By the age of sixteen, when he was at Overbrook High School, Chamberlain could stand flat-footed under the basket, reach up, and almost get a finger on the rim. His combination of height and athleticism made him so freakishly good—and the Overbrook victories such decisive routs—that opponents felt playing the school was not just challenging, it was pointless. The team regularly won by margins of fifty points or more. In his senior year, in a game against Roxborough High School, Chamberlain scored twenty-six points in the first half. Roxborough, hoping to avoid a record rout, tried to stall, passing the ball to run down the clock, but Chamberlain went on to score thirty-one points in the third quarter, and thirty-three in the fourth quarter—twenty-seven of them in the last four minutes. His total score, including free throws, came to ninety. The final game score was 123–21. Joe Goldenberg, a player on the West Philadelphia High School team, had been asked by his coach to scout Overbrook in the game against Roxborough. Afterward, Goldenberg told his coach that Chamberlain scored ninety points.
“Where does he shoot from?” the coach asked.
“Anywhere he wants,” Goldenberg said.
Eddie Gottlieb, who ran the Warriors, had naturally gone out to Overbrook to watch Chamberlain play.
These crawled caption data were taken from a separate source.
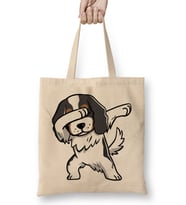Dabbing Tricolor Cavalier King Charles Spaniel Bez Çanta Uzun Saplı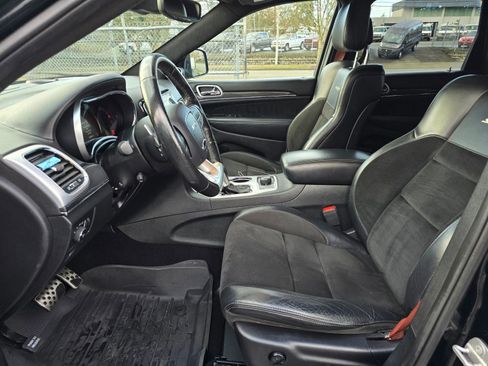 Used 2019 Jeep Grand Cherokee SRT image 19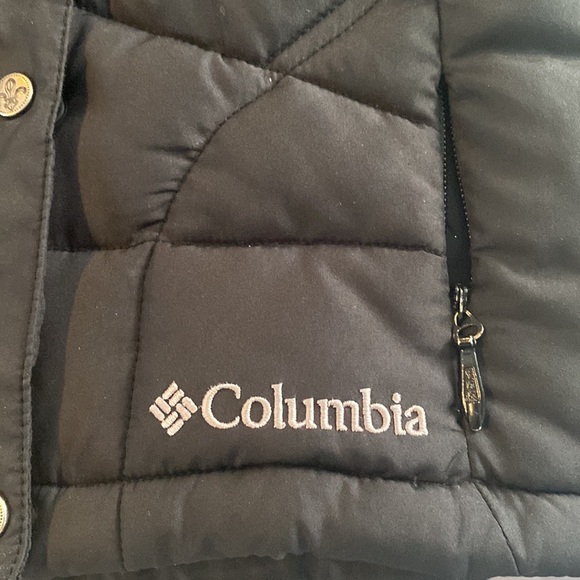 Size 4/5 Columbia black vest - Picture 2 of 7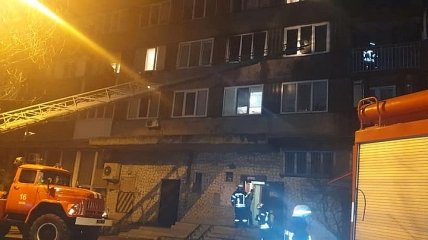В Киеве в многоэтажке произошел пожар: погибли два человека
Gottlieb figured Wilt was one of the few high school basketball players who could, if he wanted to, join the NBA right out of high school. He was ready. And it would have been good for the league, Gottlieb figured, since it did not in the mid-fifties have many truly big men. George Mikan was the best big man in the league, but he was past his prime. Wilt was faster and could jump higher. Gottlieb had Neil Johnston playing at center for the Warriors, but Gottlieb was certain that Wilt, even as a high school student, would make sliced bananas out of Johnston.
If the rules had permitted it, Gottlieb would have taken Chamberlain that very year and made him a starter. But that would have required changing the rule that players were eligible only after graduating from college, and he knew the other owners wouldn’t go for it. “They didn’t want to wreck their relationship with the colleges,” Gottlieb later recalled. “The colleges were their minor leagues. They polished the prospects for us, and it didn’t cost the pro teams a dime. But I’d have taken Wilt. Wilt was special. It was a waste of time for Wilt to go to college.”
Gottlieb tried to persuade Chamberlain to go to college in the Philadelphia area so the Warriors could claim him in a territorial draft, but he learned that Wilt was determined to go out of state. So at a league meeting in early 1955, before Chamberlain had graduated from Overbrook High, Gottlieb proposed a rule extending the territorial draft to high school. To Gottlieb, it was entirely logical. The league was still struggling.